La crise née du scrutin de novembre entre Laurent Gbagbo et Alassane Ouattara, reconnu président élu par la communauté internationale, menace chaque jour de virer à la guerre civile. À Abidjan, les quartiers sont progressivement gagnés par les combats entre forces armées fidèles au président sortant et insurgés pro-Ouattara.
À la gare routière d'Adjamé (nord), la plus grande de la ville, comme à celle de Yopougon (ouest), une foule de familles, dont beaucoup de femmes et d'enfants, attendaient leur tour samedi matin pour monter dans des cars, emportant bagages, sacs et même appareils électro-ménagers, pour se "mettre à l'abri" dans leur village.
Certains avaient passé la nuit sur place, sans parvenir encore à quitter la ville.
"J'ai peur.
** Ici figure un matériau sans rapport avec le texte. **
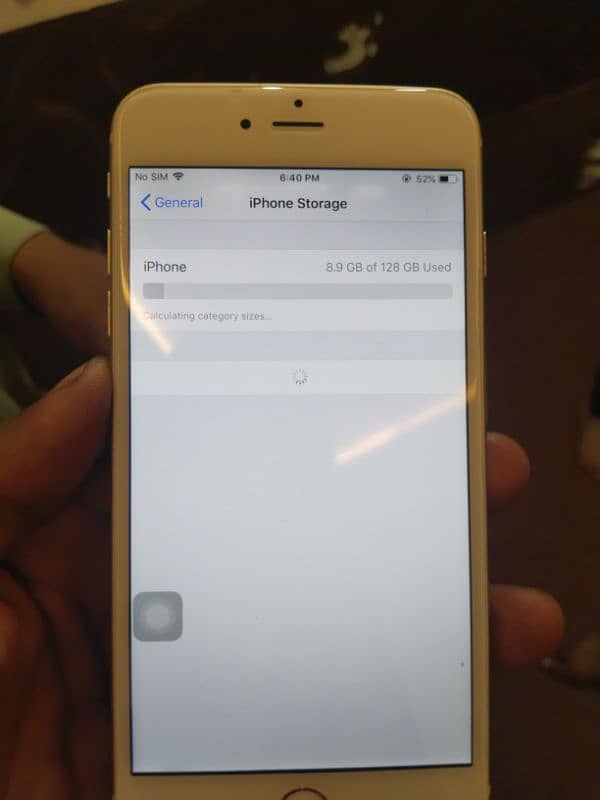 iPhone 6s plus 128gb non pta exchange possible 0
Je quitte Abidjan pour me réfugier au village", a déclaré Marguerite, entourée de ses quatre enfants.
"La consigne est claire, il faut quitter Abidjan, on nous demande de partir", explique Tanoh, sans en dire davantage sur cette "consigne". "J'ai vu des cadavres dans mon quartier. Je ne supporte pas".
Depuis le début de la crise post-électorale, près de 500 000 personnes ont fui leur habitation, dont 200 000 ayant quitté Abidjan et 90 000 qui se sont réfugiées au Liberia, plongeant le pays dans une grave crise humanitaire, en particulier depuis la flambée des violences à la mi-février.
Appelé à céder la place par l'Union africaine, M. Gbagbo s'est dit vendredi prêt à envisager un "schéma de dialogue interivoirien" pour mettre fin à la crise mais n'a pas précisé ce qui pourrait selon lui être discuté.
Il a exhorté les combattants du camp Ouattara, des "rebelles" à ses yeux, à déposer les armes.
Son ministre de la Jeunesse, Charles Blé Goudé, chef des "jeunes patriotes" pro-Gbagbo, devait tenir un meeting dans l'après-midi à Yopougon, considéré comme un bastion du président sortant.
Il avait promis lundi, après le dernier sommet de l'UA qui a consacré l'impasse politique, de lancer un "appel historique" à la mobilisation pour "libérer la Côte d'Ivoire".
Rien n'a filtré pour l'heure du contenu de ce message mais, par la voix du porte-parole de son gouvernement, Laurent Gbagbo lui-même a déjà interpellé la population.
Il a réclamé "une plus grande responsabilité et une plus grande collaboration" entre les citoyens et les Forces de défense et de sécurité (FDS), pour que "les présences suspectes" soient "neutralisées".
Dans Abidjan où la vie semblait dans certains quartiers suspendue, la tension était très forte. Les violences depuis le début de la crise ont déjà fait près de 440 morts, selon l'ONU.
Epicentre de la crise et base des insurgés, le quartier d'Abobo a été de nouveau la cible de tirs à l'arme lourde vendredi soir, ont rapporté des habitants.
"On a encore entendu des coups de canon vers 21h00 (locales et GMT), non loin de chez nous", a dit une résidente. "Comme chaque nuit, on vit dans la peur, enfermés chez nous. Je crois que je vais finir par quitter le quartier. Mais le problème, c'est que je n'ai pas de parents à Abidjan et je ne sais pas où aller".
Entre 25 et 30 civils avaient été tués jeudi, selon l'ONU, par des tirs de mortiers des "forces armées du camp" Gbagbo, suscitant une large réprobation internationale.
Le gouvernement Gbagbo a démenti toute implication des FDS et dénoncé un "complot" et une "synergie entre l'ONU, la France, les rebelles contre la Côte d'Ivoire".